--- Recorded data ---

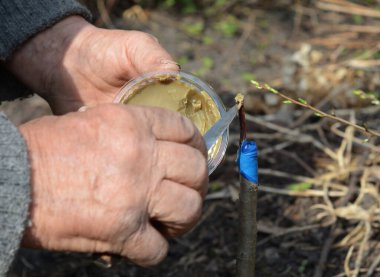 Üreyen meyve ağaçları: Bir bahçıvan bir meyve ağacını naklediyor, bir bant ile kökleri sarıyor ve bir çocuğu gref balmumuyla mühürlüyor. 
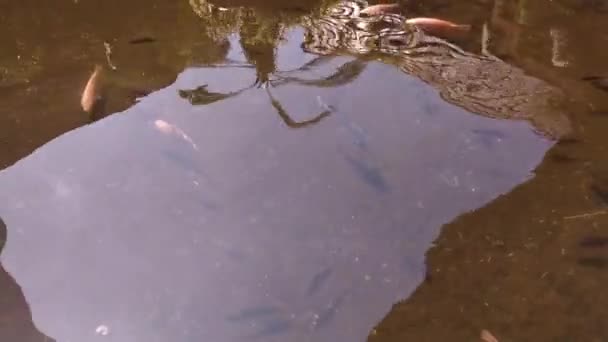 Crystal Clear Water Pond Tilapia Gold Fish Clear Fish Pond — Stock video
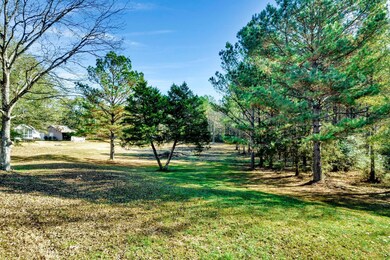 DJI_0311
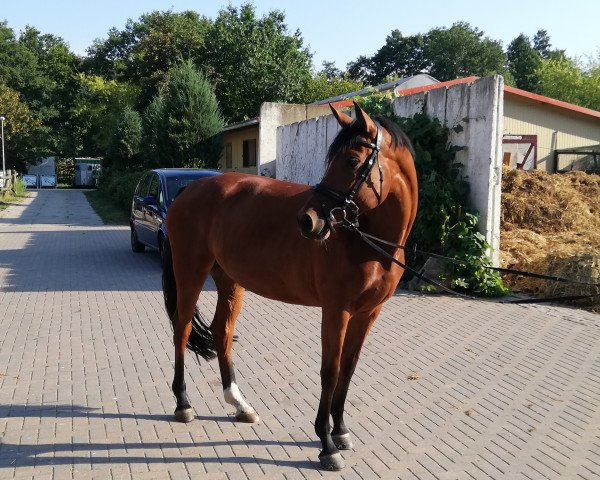 broodmare Oktavia 28 (German Sport Horse, 2013, from Palmares)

---

▶ _Directions for this task_: Give the listing above again exactly, minus any images.

▶ _Response area_:
 Üreyen meyve ağaçları: Bir bahçıvan bir meyve ağacını naklediyor, bir bant ile kökleri sarıyor ve bir çocuğu gref balmumuyla mühürlüyor. 
 Crystal Clear Water Pond Tilapia Gold Fish Clear Fish Pond — Stock video
 DJI_0311
 broodmare Oktavia 28 (German Sport Horse, 2013, from Palmares)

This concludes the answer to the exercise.